I had always wanted to be a Girl Scout. In my earliest memories, I was wanting to join clubs, sports, and general extracurricular activities. (Except for the Science Fair. Screw them and their stupid board displays and judges!) And I clearly remember seeing the older girls in their green vests and sashes. One girl was working on a freakin' Ferris wheel made of straws! I am not kidding. There were all working on some cool project or chasing each other around the room. It looked like paradise to me. My eyes must have shone from beneath my crooked bangs.
However, no one would help my mother pay the dues. Which isn't much. Frankly, it should not have been a problem. But my interests led me to a dance group at church, choirs and playing basketball. These gave me some of my most cherished memories in life. In contrast, most of my schooling from this time is remembered as one long sitting session.
I was threatened by my father to move in with him. He claimed that if I did not immediately do so, that my brother would be asked instead and I would never be allowed to again. That had made me uncomfortable and even to a twelve-year-old, this sounded ridiculous. Foolishly, I overlooked my better instinct and trusted him to do no harm. Looking back, I feel that I was Red Riding Hood talking to the big, bad wolf. It's about as hopeless as yelling at the illustration in a fairy tale book, "Bitch-You about to be eaten!"
However, as the Yin and Yang will demonstrate, there is a little good within the bad. The spot of goodness from this experience was that I got to join the Girl Scouts. It was exciting! Something I had always wanted to do. I was a blossoming feminist and loved that programs that encouraged female empowerment. The bad was that our troop was not large. And I was the only teenager. And I did not get to go to many events or meetings due to the restriction of my narcissistic step-mom. But hey, at least I had the handbook and vest, right?
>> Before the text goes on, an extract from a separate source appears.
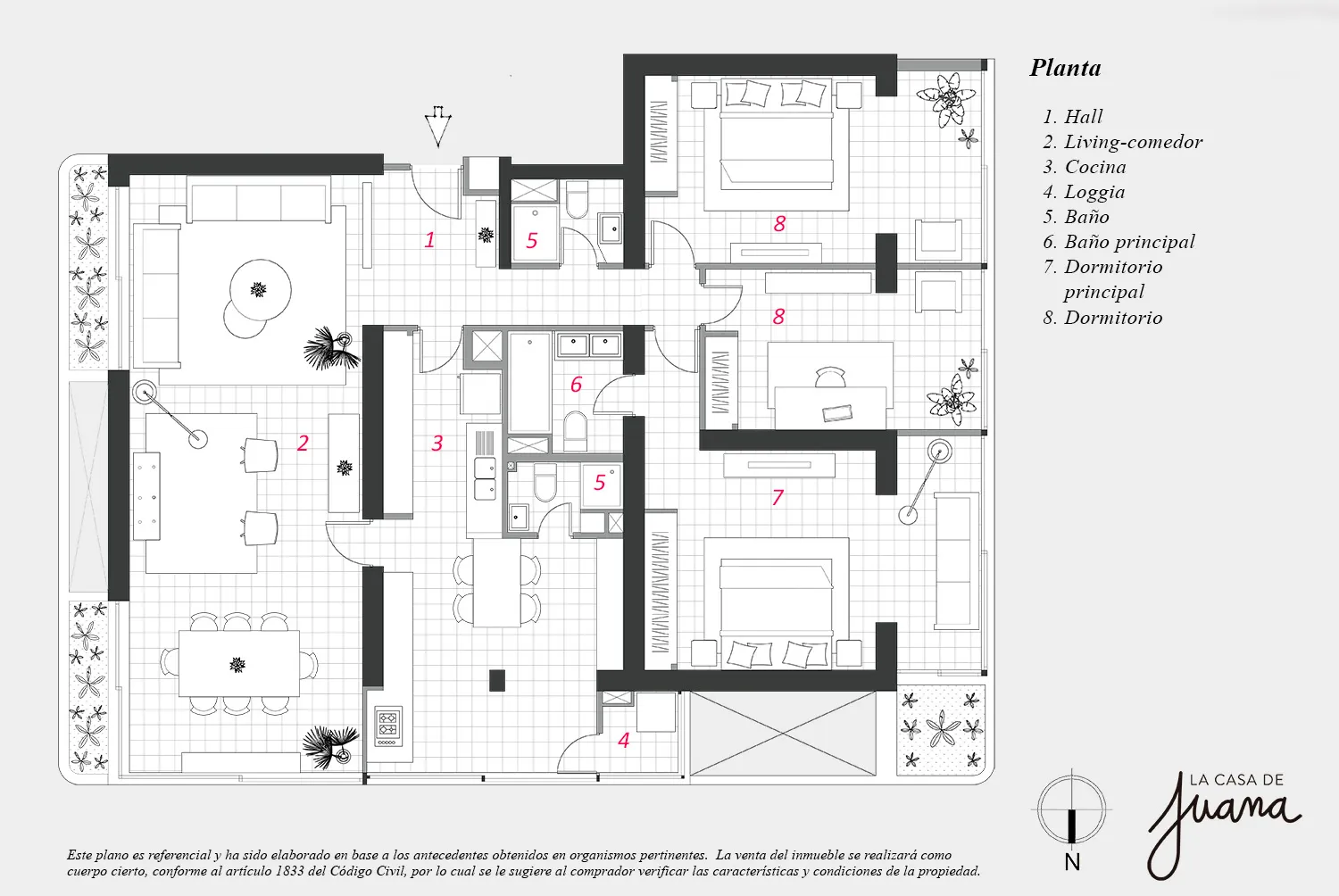Piso Hernando de Aguirre I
Well, this was until I made a lesbian friend and her and I messaged each other on Facebook. For whatever reason, I was not allowed to use the phone. I made the decision to call her while my parents were out anyway. We talked about four-wheelers and an activity called "muddin'," which I knew nothing about. Living under the tyranny of my parents, I very rarely was allowed to visit friends outside of school. My friend invited me to go out with the group to going riding and mudding. When my parents came home, I stayed on the phone. And why shouldn't I? I wasn't going to just hang up on her; I was doing nothing wrong.
That evening, I was called to the kitchen table by my step-mother. She outright asked if I was a lesbian. I felt dizzy. I had not told them anything about what has transpired between me and my friend. I realized that they had been reading through my Facebook messages.
I said that I was bisexual and my father and step-mother laughed at me, said I was "just horny," and went on this whole spiel about how they would maybe except me if I was a lesbian but would not since I had said I was bisexual. I was forbidden from going to anyone's houses now. Their justification was that if I was bisexual, I would just fuck anyone I was with.
Then my step-mother said snidely, "What if I were to tell the troop leader?" She said it as if it was something to be ashamed of. "What if they said, Sorry, this is a Christian organization and we don't trust perverts like you to be around little girls."
It hurt. I stopped caring altogether. Currently, I am looking for a troop to volunteer with. I love all of the great things that Girl Scouts does. And you know what? They are an open-minded community of progressive women who would have never turned me away. I mourn what I missed out on, but I celebrate what I was able to accomplish despite the abuse and the other erroneous shit that my parents threw at me.
In the end, the only thing my step-mother accomplished was to bully a trusting teenage girl and further alienate herself from ever finding true happiness. In short, I won.